Module 1: LLM API Mastery · Lesson 5 of 5 · 25 min

Errors, Rate Limits & Cost Control

An agent lives or dies on the unhappy path. Rate limits, timeouts, overloaded servers, refusals, context overflows — production behavior is defined by how you handle these.

The failure taxonomy

Error	Meaning	Correct response
`429 rate_limit`	Too many requests/tokens per minute (RPM and TPM are separate buckets)	Exponential backoff with jitter; honor `retry-after` header if present
`529 / 503 overloaded`	Provider-side congestion	Same backoff; consider a fallback model
`400 invalid_request`	Your bug: malformed messages, bad tool pairing, context overflow	Don't retry — fix the request. Retrying a 400 is a infinite loop.
`401 / 403`	Auth problem	Don't retry; alert loudly
Timeout / connection error	Network or a very long generation	Retry with backoff; set explicit client timeouts
Refusal / empty content	Model declined the task	Detect (check `stop_reason`/content), rephrase or escalate to a human — don't loop blindly

backoff with jitter — the canonical implementation

import random, time
import anthropic

RETRYABLE = (anthropic.RateLimitError, anthropic.APIStatusError,
             anthropic.APIConnectionError, anthropic.APITimeoutError)

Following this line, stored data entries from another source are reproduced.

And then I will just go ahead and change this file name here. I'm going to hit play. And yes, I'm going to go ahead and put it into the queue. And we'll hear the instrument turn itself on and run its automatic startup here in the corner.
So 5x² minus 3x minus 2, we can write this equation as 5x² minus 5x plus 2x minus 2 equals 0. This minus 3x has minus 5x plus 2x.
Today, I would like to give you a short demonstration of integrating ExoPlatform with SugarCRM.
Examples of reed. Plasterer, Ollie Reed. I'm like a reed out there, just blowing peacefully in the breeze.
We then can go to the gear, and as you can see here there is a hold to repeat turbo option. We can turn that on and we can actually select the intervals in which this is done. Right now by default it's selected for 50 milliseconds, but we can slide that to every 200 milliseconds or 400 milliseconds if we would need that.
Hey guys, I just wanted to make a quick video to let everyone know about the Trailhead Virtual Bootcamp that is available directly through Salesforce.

def call_with_retries(fn, max_retries: int = 3, base: float = 1.0):
    for attempt in range(max_retries + 1):
        try:
            return fn()
        except anthropic.BadRequestError:
            raise                       # 400 = your bug. Never retry.
        except RETRYABLE as e:
            if attempt == max_retries:
                raise
            # exponential: 1s, 2s, 4s… + full jitter to avoid thundering herd
            delay = base * (2 ** attempt) * (0.5 + random.random())
            print(f"retryable error ({type(e).__name__}), "
                  f"sleeping {delay:.1f}s (attempt {attempt + 1})")
            time.sleep(delay)

Jitter matters: if 50 workers all fail at once and all retry after exactly 2 seconds, you've synchronized a second stampede. Randomizing the delay decorrelates them. The official SDKs have built-in retries — but agents need their own layer with logging, budgets, and per-tool policies.

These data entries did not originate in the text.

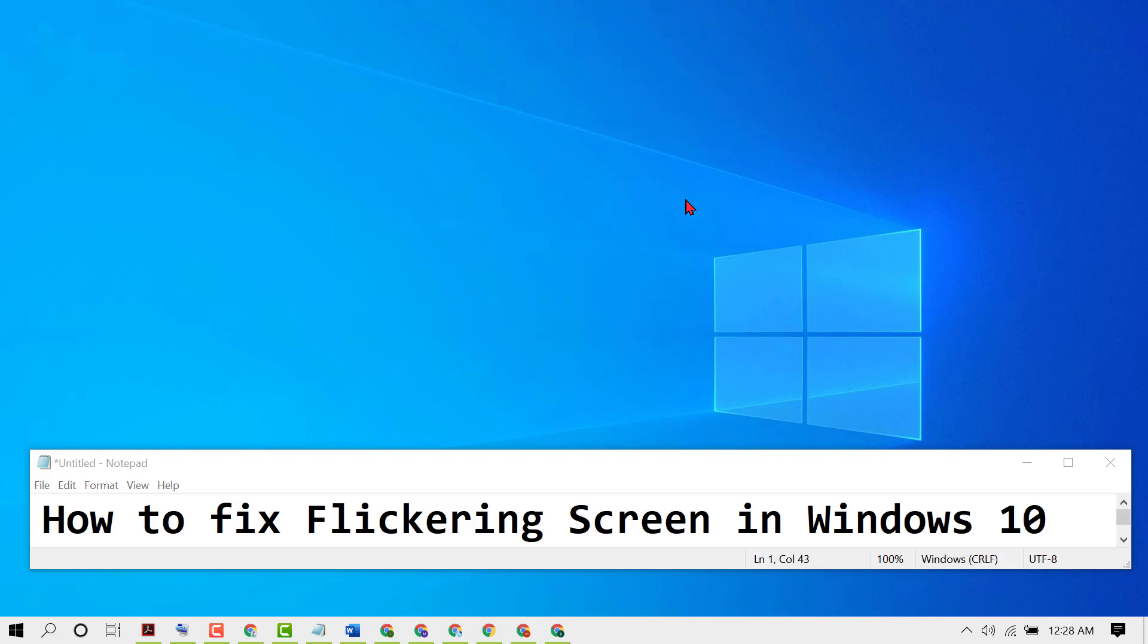Hello fans, in this short and quick video I'm going to show you how to fix flickering screen in Windows 10. So guys, if you are facing problems with your screen and your screen is flickering, to resolve this issue just follow some easy steps.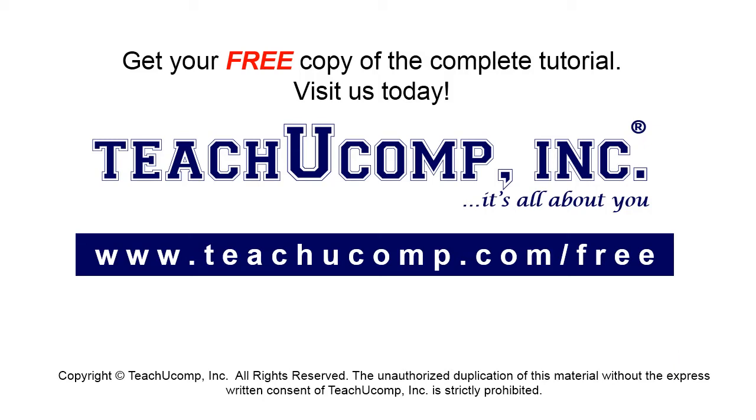Get your free copy of the complete tutorial at www.teachucomp.com/free.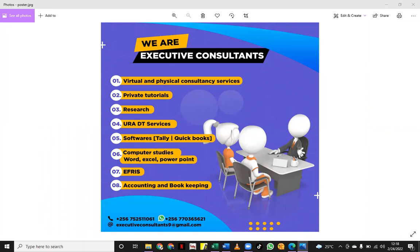Welcome, executive consultants. Today we are going to look at the preparation of consolidated financial statements. We may look at several standards that will guide us on how to prepare these consolidated financial statements. If you are an accounting student who is a finalist, or a potential CPA student for the financial reporting paper, you are welcome.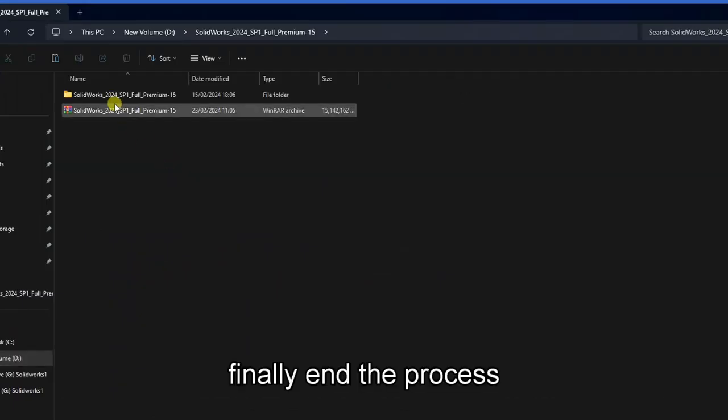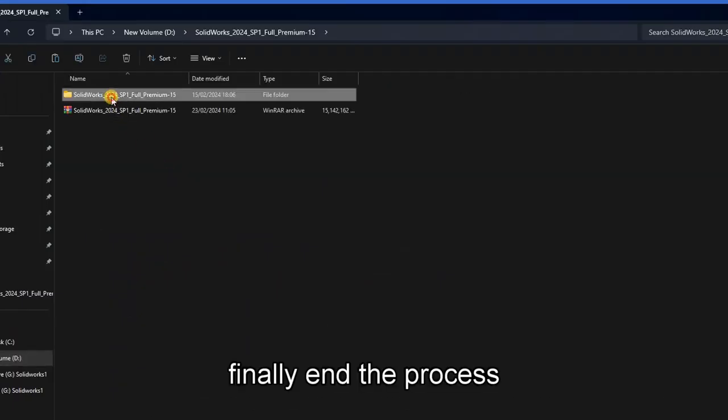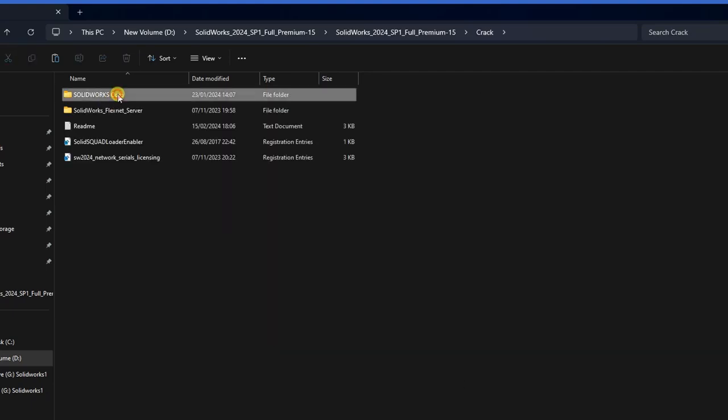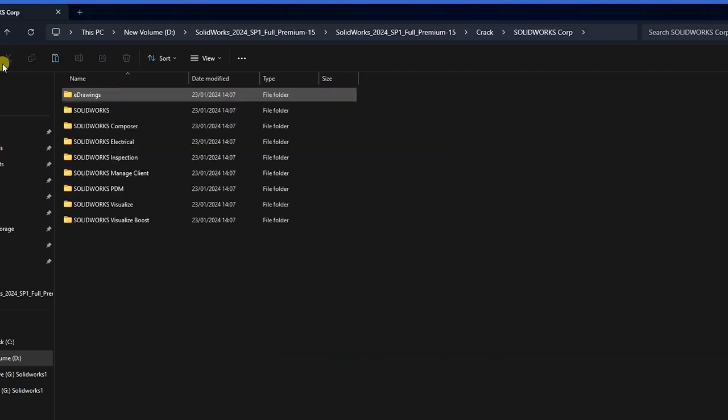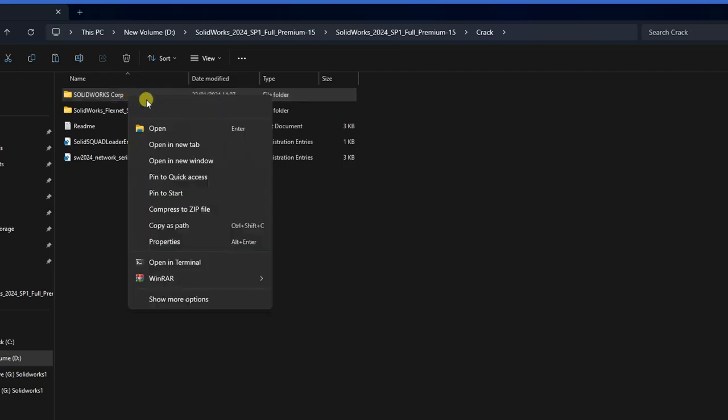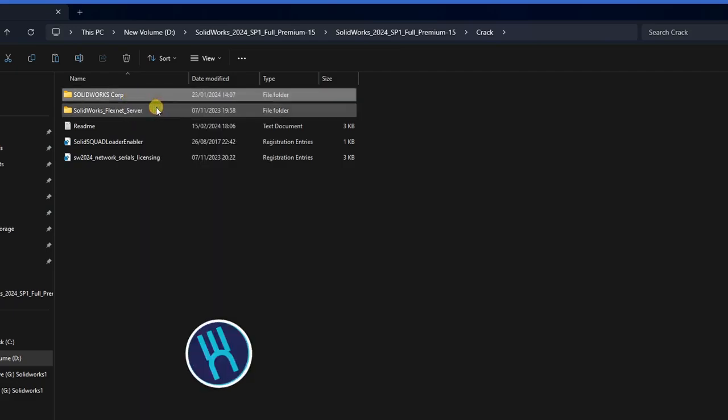Finally end the process, then go back to where we did the extraction. Then we now copy this solid scope folder.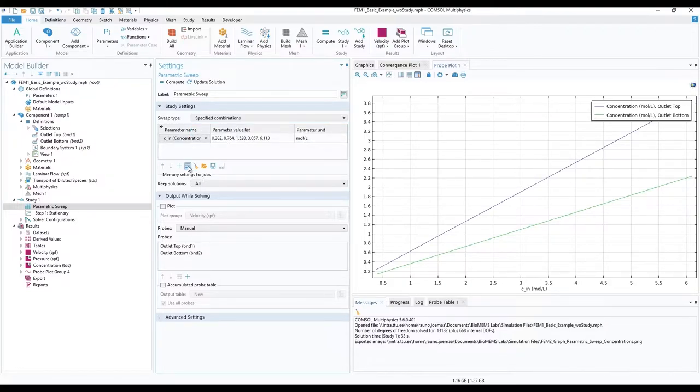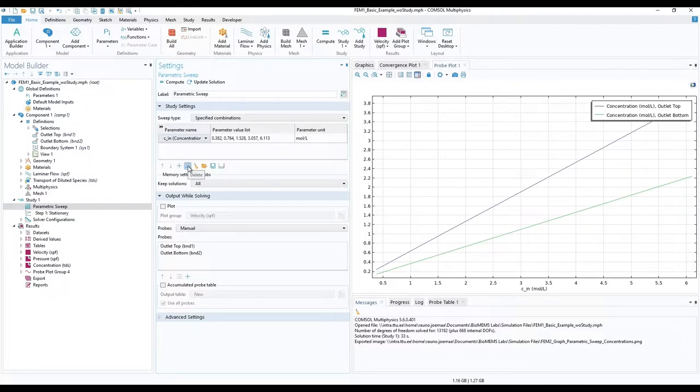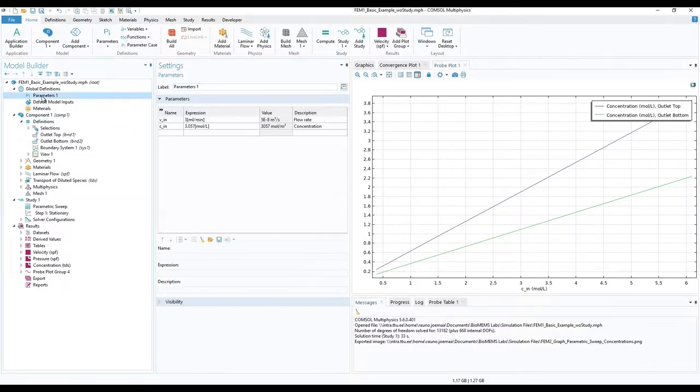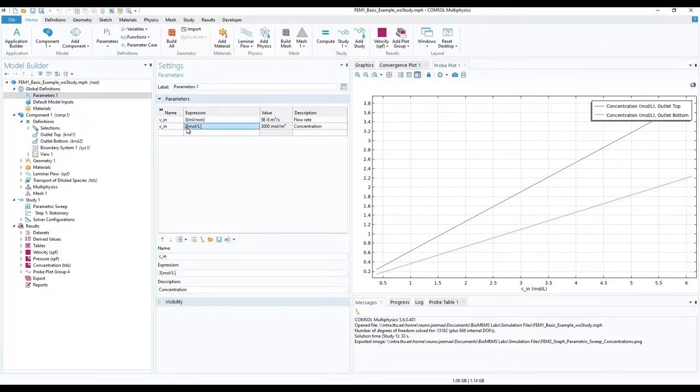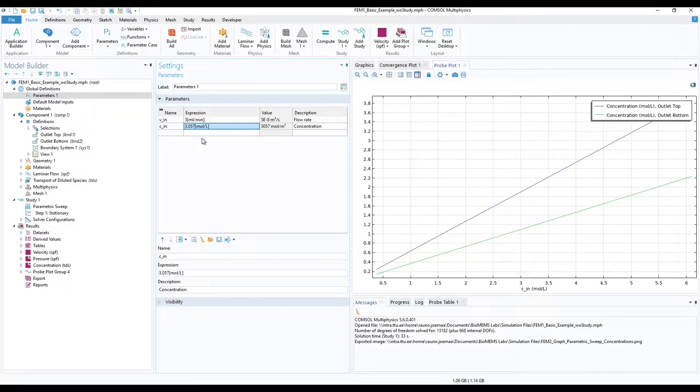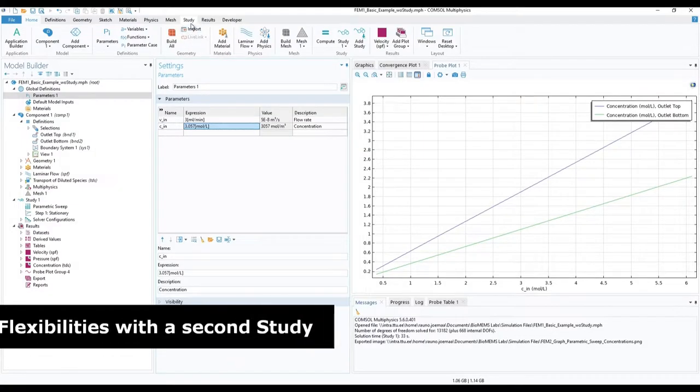However, in case we have more variables and don't need all combinations, we should split parametric sweep of velocity into another study. But before that, for parametric sweep of velocity, let us change the global parameter, CIN, to something from our simulated concentration table. If a parameter is not specified in parametric sweep, it will get its values from global definitions.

Prompt caching — the agent cost lever

Agents resend a large, mostly-identical prefix every turn: system prompt, tool schemas, early conversation. Prompt caching lets the provider reuse the processed prefix — cached input tokens cost a fraction of fresh ones (Anthropic: cache reads are ~90% cheaper; writes cost a small premium) and process faster. For a 20-turn agent session whose prefix dominates, caching routinely cuts input cost by 70–90%.

cache breakpoint after the stable prefix (Anthropic)

resp = client.messages.create(
    model="claude-sonnet-4-5", max_tokens=1024,
    system=[{
        "type": "text",
        "text": LONG_SYSTEM_PROMPT,          # stable across turns
        "cache_control": {"type": "ephemeral"},   # <- cache up to here
    }],
    tools=TOOLS,                             # stable too — order matters
    messages=messages,
)
print(resp.usage.cache_read_input_tokens,    # cheap
      resp.usage.cache_creation_input_tokens)  # small premium, first call

Caching keys on an exact prefix match — reorder your tools or edit one system-prompt character and the cache misses. Structure requests as: stable stuff first (system, tools), volatile stuff last (messages). OpenAI applies prefix caching automatically on long prompts.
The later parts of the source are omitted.